__Task details__
Retype exactly the span of lines below from the one with "MC Zuiderzee map" through the one with "Женские зимние ботинки". Do not include pictures.

__Entries provided__

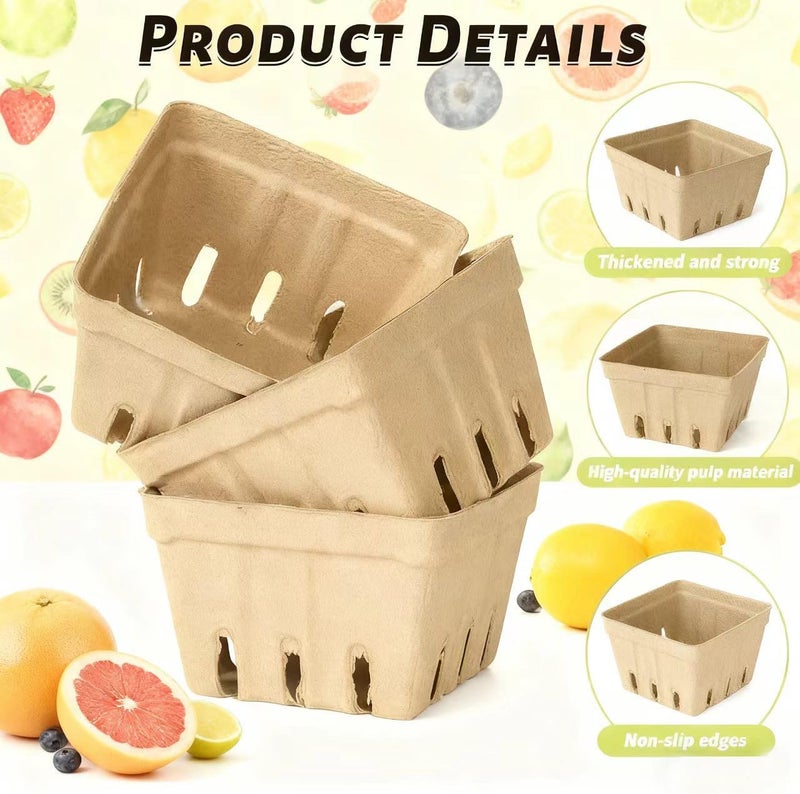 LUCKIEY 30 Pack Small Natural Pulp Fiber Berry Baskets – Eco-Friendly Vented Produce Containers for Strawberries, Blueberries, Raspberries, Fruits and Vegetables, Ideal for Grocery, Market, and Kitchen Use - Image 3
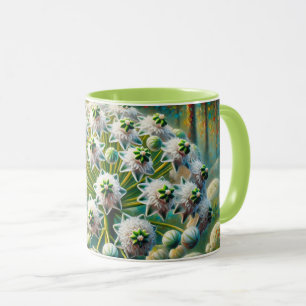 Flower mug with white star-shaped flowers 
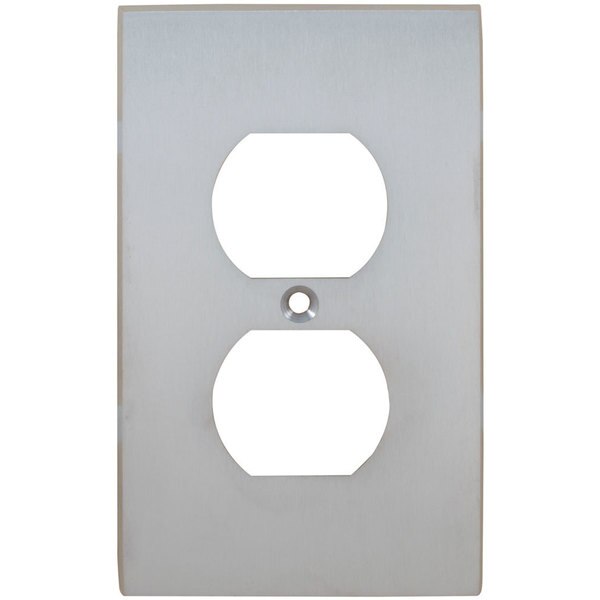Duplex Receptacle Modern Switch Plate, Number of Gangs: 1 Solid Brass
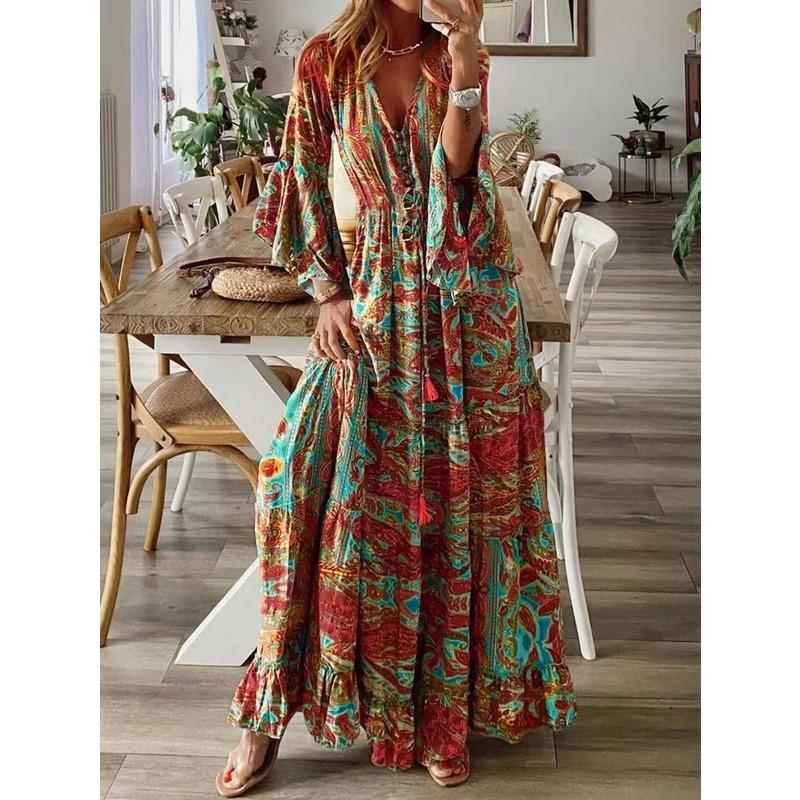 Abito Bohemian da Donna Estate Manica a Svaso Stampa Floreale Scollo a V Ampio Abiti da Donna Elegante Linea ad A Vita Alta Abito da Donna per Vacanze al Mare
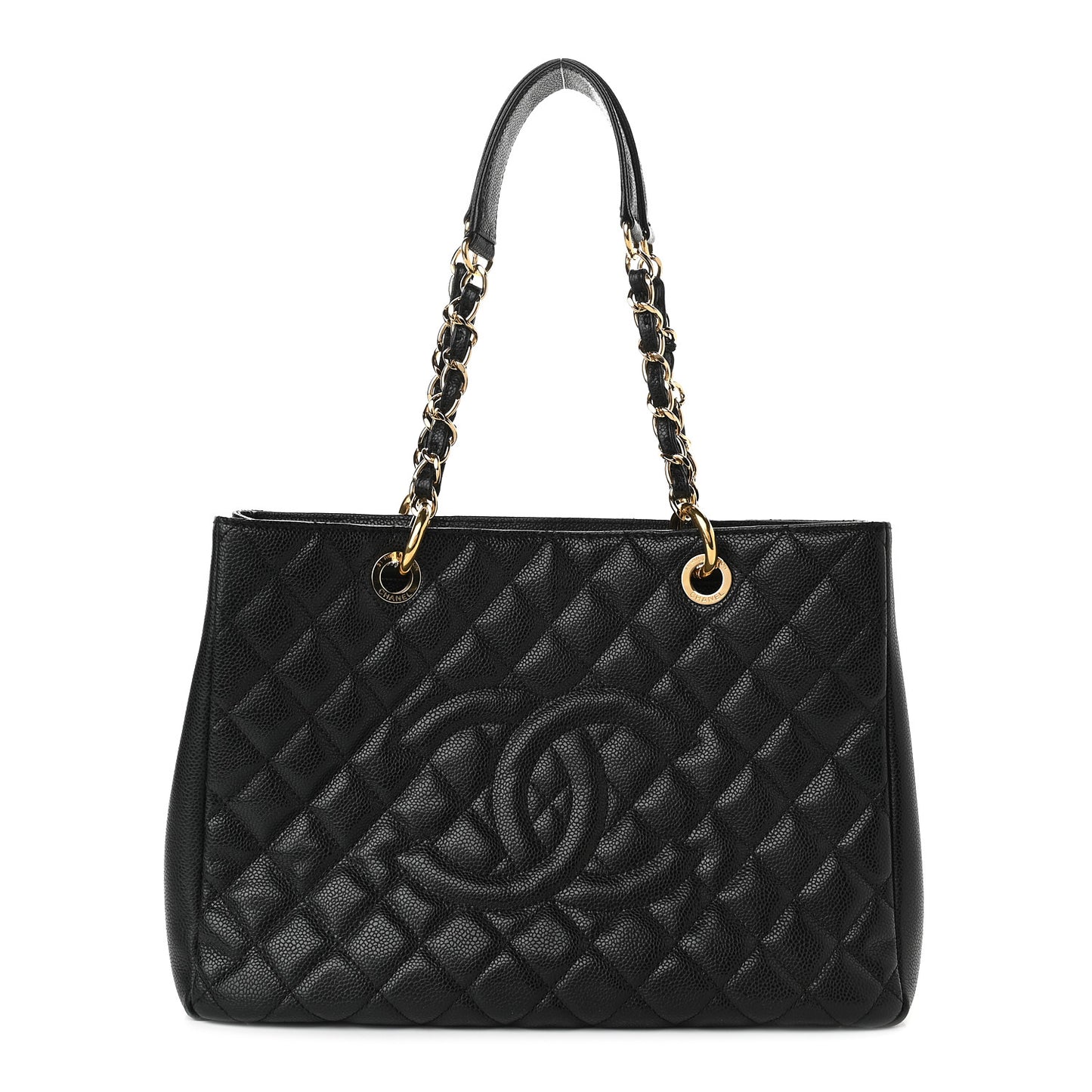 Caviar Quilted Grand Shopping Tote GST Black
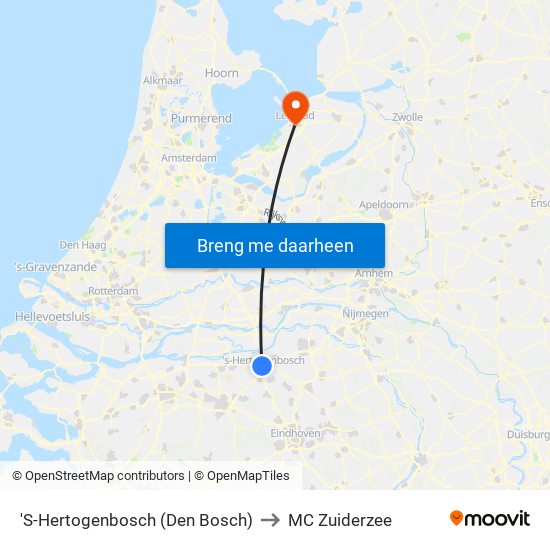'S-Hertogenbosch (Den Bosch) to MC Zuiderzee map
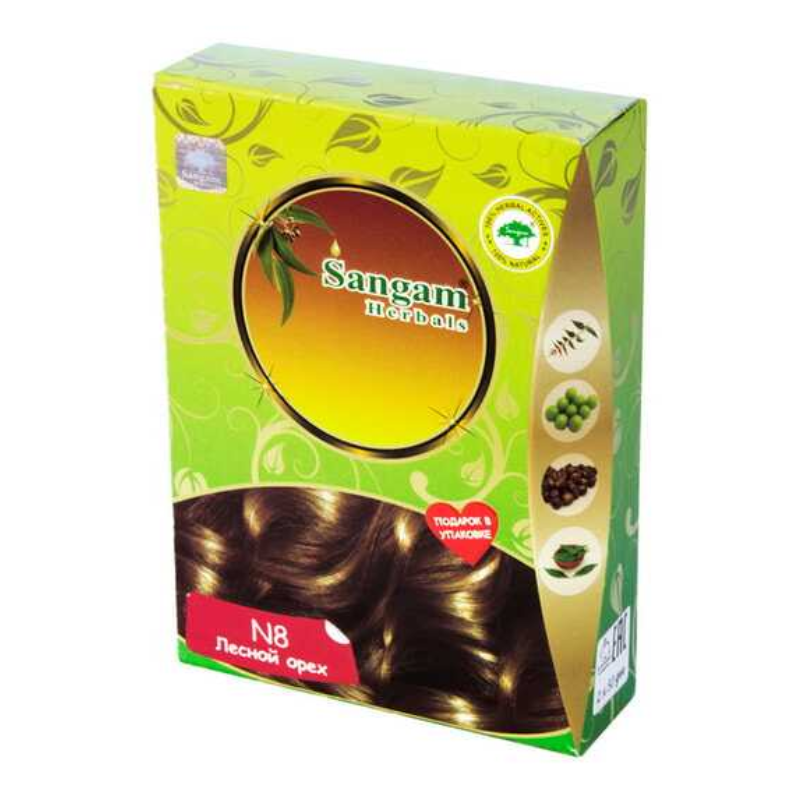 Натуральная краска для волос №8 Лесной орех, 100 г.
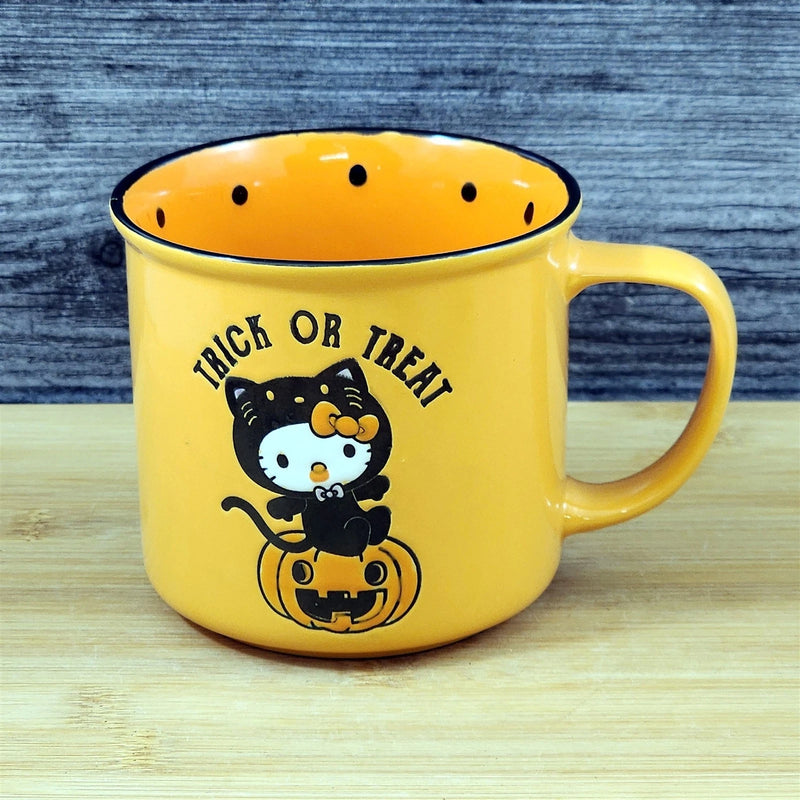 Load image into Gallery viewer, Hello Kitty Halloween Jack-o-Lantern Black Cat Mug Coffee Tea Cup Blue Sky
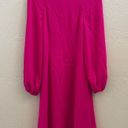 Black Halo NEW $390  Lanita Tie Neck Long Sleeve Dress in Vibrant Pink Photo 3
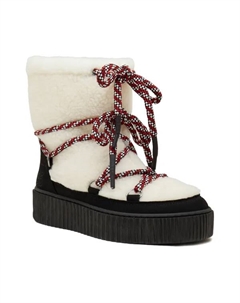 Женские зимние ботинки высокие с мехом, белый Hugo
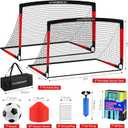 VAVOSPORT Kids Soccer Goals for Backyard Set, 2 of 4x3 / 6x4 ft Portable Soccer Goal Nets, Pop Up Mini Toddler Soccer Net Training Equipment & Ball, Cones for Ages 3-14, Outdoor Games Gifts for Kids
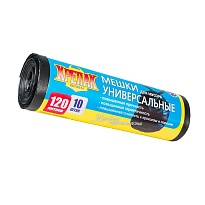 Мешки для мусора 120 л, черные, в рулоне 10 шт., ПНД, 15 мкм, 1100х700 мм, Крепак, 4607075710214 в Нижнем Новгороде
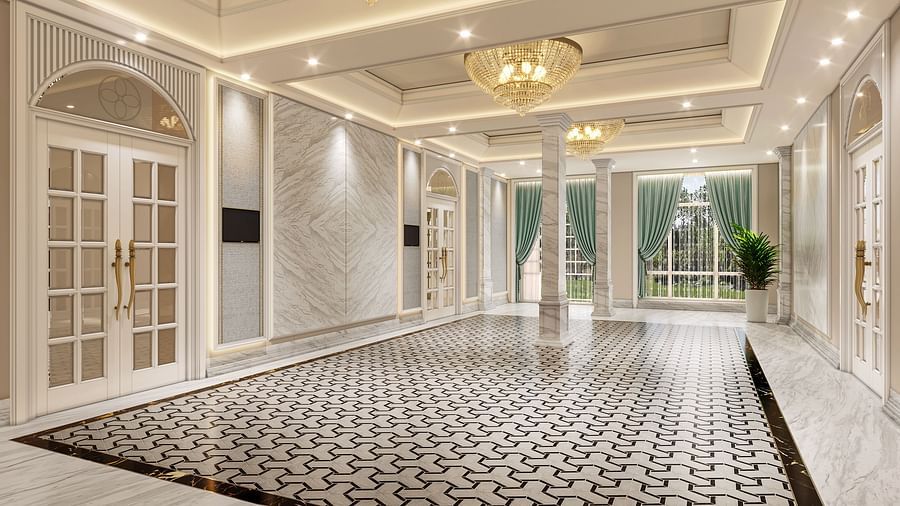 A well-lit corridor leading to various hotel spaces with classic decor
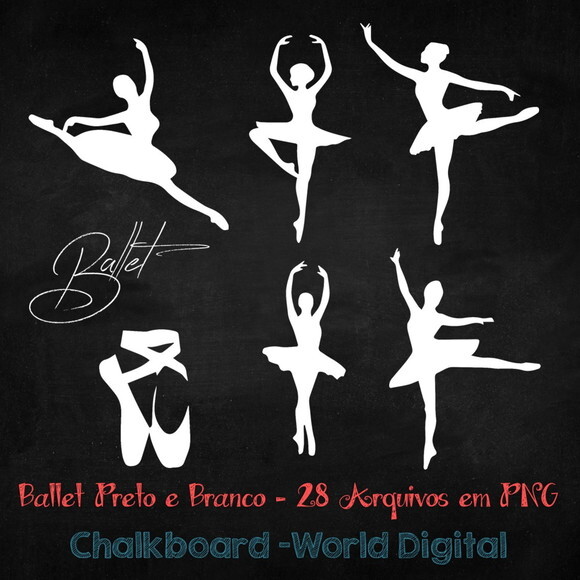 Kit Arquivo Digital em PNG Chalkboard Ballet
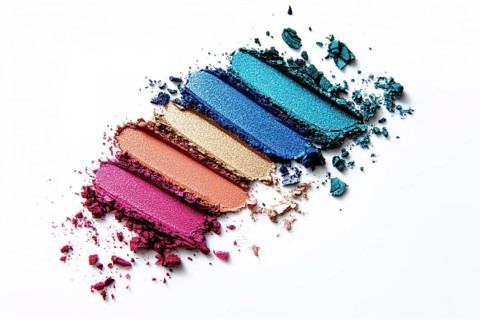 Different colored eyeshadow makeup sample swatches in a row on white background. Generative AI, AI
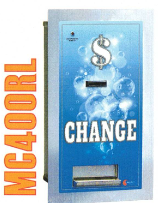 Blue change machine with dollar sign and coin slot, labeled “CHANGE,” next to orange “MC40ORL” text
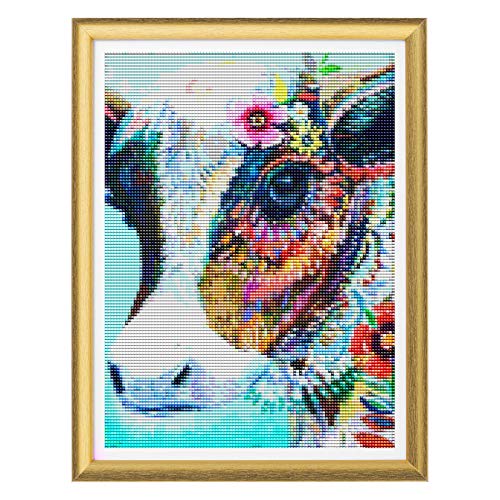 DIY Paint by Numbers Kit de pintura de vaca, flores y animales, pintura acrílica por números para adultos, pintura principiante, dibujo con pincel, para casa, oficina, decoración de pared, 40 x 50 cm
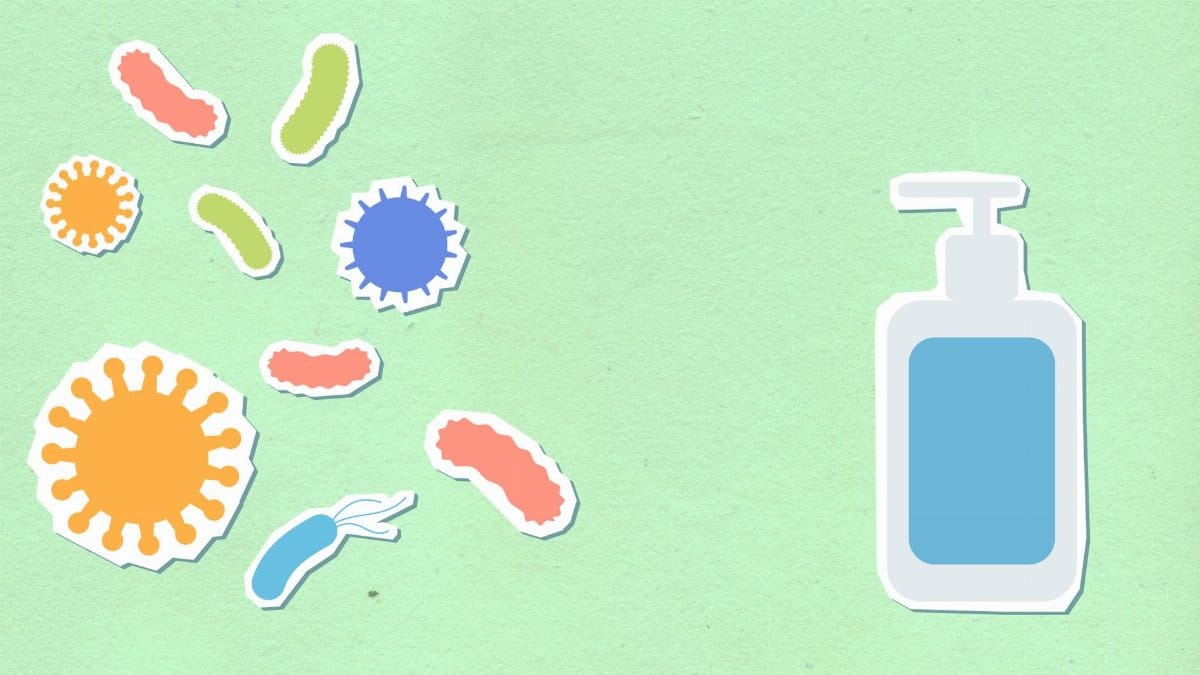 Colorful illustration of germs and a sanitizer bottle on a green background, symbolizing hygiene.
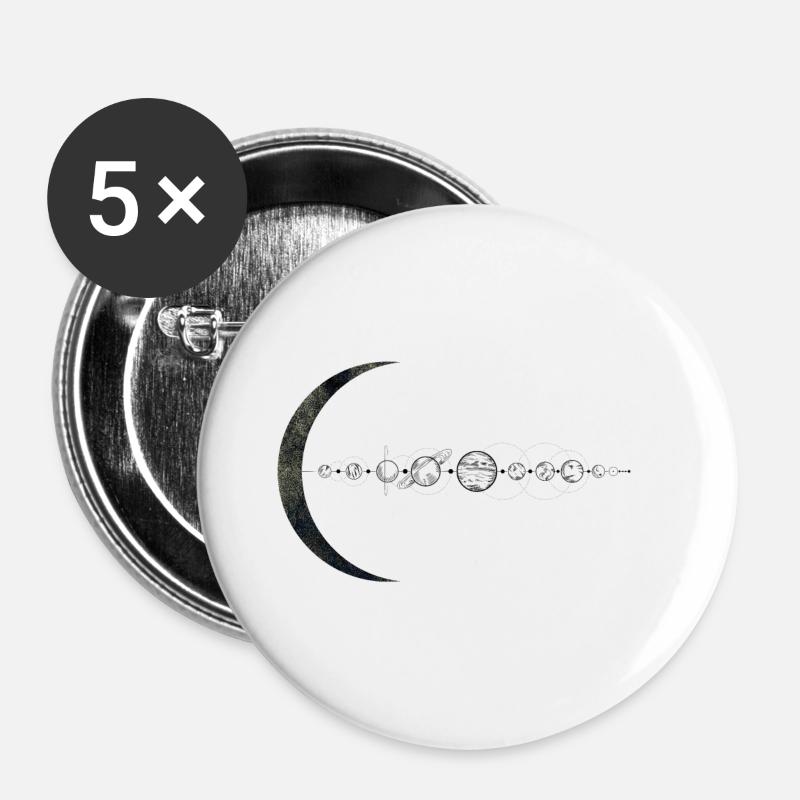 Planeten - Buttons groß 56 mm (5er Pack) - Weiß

__Response to this task__
'S-Hertogenbosch (Den Bosch) to MC Zuiderzee map
 Натуральная краска для волос №8 Лесной орех, 100 г.
 Load image into Gallery viewer, Hello Kitty Halloween Jack-o-Lantern Black Cat Mug Coffee Tea Cup Blue Sky
 Black Halo NEW $390  Lanita Tie Neck Long Sleeve Dress in Vibrant Pink Photo 3
 Женские зимние ботинки высокие с мехом, белый Hugo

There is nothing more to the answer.